Unser zauberhaftes Fräulein Fahrtenschreiber empfand gar nicht so und so lag es da. Monat für Monat. Bis jetzt. Und was soll ich sagen? Schon die ersten Seiten sind für eine Überraschung gut. Bei einigen Sätzen, die uns da so geliefert werden, stocke ich fast. Die obdachlose Alkoholikerin "Dicke Frau", die wüst vor sich hin flucht ist überzeugend skizziert.
Die Hauptfigur des Buches ist der russische Junge Valentin, der mit seiner alleinerziehender Mama ein neues Zuhause in Deutschland findet, während der Vater mit dem Bruder in Kasachstan bleibt. Valentin verbringt seine Sommerferien überwiegend allein, streift umher und landet auf dem nahegelegenen Friedhof. Dort lernt Valentin den netten, polnischen Friedhofsgärtner Bronislaw kennen und trifft auf das Ehepaar Schilinsky, die sich eine Grabstelle für ihr tägliches Picknick mit Würstchen, kalten Getränken aus der Kühlbox und Schlagermusik ausgesucht hat. Auch Herr Schmidt mit seinem Hund gehört zu den regelmäßigen Friedhofsbesuchern und zwischen Valentin und dem alten Mann, der seine verstorbene Frau Else besucht, entsteht eine Freundschaft. Als Brunislaw auf der Friedhofstoilette von einem Unbekannten niedergeschlagen wird und Valentin entdeckt, dass er die Gedanken anderer Menschen lesen kann, entspinnt sich ein spannender Krimi.

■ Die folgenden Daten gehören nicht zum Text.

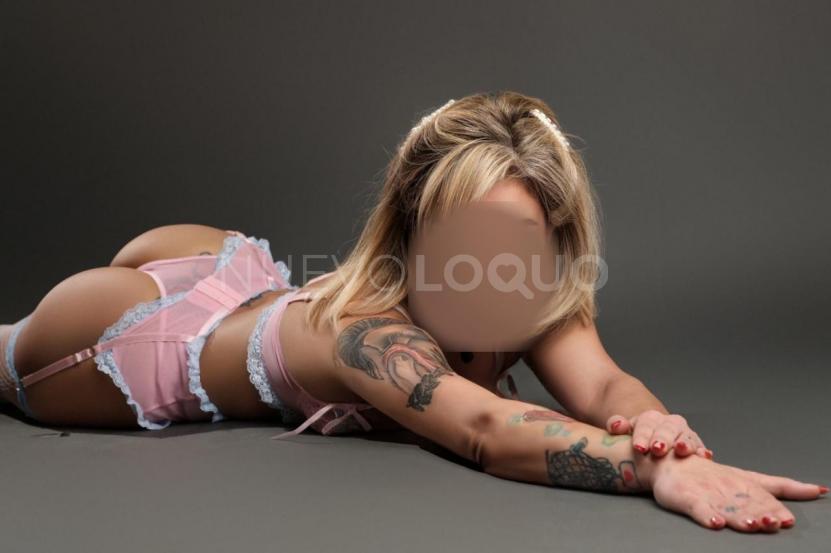  Susana española super clase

"Der Junge der Gedanken lesen konnte" nähert sich ernsten und brisanten Themen wie kulturelle Vielfalt, Freundschaft und Tod auf leichte und ungeheuer sensible Art und Weise. Eine gute Portion Humor und manchmal fast schon überspannte, skurrile Szenen entschärfen die Tragik und geben dem Kinderkrimi die richtige Würze. Ein Buch das wrklich wunderbar in den späten Herbst passt. Also: nicht länger warten, lesen!